Work item:
The line that contains "Hi guys, Rosie" marks the end: retype the data below exactly from its first line through that line.

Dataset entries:

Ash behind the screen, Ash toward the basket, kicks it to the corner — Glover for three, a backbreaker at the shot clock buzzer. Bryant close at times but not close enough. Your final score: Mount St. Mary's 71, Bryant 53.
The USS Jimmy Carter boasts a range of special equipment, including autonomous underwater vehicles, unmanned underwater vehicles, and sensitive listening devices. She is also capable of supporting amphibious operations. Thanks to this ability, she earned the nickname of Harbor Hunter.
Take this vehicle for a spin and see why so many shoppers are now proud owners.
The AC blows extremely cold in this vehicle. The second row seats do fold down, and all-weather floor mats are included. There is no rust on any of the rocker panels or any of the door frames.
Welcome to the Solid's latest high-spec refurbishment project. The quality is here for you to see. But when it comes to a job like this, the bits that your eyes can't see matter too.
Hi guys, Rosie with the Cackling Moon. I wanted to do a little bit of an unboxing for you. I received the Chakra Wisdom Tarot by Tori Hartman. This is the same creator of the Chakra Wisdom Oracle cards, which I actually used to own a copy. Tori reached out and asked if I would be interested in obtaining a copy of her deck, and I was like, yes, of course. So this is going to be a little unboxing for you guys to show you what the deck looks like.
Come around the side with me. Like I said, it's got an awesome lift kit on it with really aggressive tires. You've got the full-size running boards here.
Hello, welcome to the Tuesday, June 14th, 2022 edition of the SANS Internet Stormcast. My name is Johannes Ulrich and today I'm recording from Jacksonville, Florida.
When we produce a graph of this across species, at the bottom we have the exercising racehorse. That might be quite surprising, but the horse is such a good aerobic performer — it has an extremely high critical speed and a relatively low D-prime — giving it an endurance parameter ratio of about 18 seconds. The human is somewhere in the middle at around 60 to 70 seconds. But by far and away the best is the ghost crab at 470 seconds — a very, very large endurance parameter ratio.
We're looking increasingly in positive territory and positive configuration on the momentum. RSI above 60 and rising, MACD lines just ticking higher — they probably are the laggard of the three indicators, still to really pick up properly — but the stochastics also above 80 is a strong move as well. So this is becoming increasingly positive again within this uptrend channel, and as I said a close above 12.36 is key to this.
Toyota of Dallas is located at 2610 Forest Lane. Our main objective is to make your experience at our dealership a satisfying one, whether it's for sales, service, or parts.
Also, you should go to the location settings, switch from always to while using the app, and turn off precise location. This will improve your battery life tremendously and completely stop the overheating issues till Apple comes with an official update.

Answer:
Ash behind the screen, Ash toward the basket, kicks it to the corner — Glover for three, a backbreaker at the shot clock buzzer. Bryant close at times but not close enough. Your final score: Mount St. Mary's 71, Bryant 53.
The USS Jimmy Carter boasts a range of special equipment, including autonomous underwater vehicles, unmanned underwater vehicles, and sensitive listening devices. She is also capable of supporting amphibious operations. Thanks to this ability, she earned the nickname of Harbor Hunter.
Take this vehicle for a spin and see why so many shoppers are now proud owners.
The AC blows extremely cold in this vehicle. The second row seats do fold down, and all-weather floor mats are included. There is no rust on any of the rocker panels or any of the door frames.
Welcome to the Solid's latest high-spec refurbishment project. The quality is here for you to see. But when it comes to a job like this, the bits that your eyes can't see matter too.
Hi guys, Rosie with the Cackling Moon. I wanted to do a little bit of an unboxing for you. I received the Chakra Wisdom Tarot by Tori Hartman. This is the same creator of the Chakra Wisdom Oracle cards, which I actually used to own a copy. Tori reached out and asked if I would be interested in obtaining a copy of her deck, and I was like, yes, of course. So this is going to be a little unboxing for you guys to show you what the deck looks like.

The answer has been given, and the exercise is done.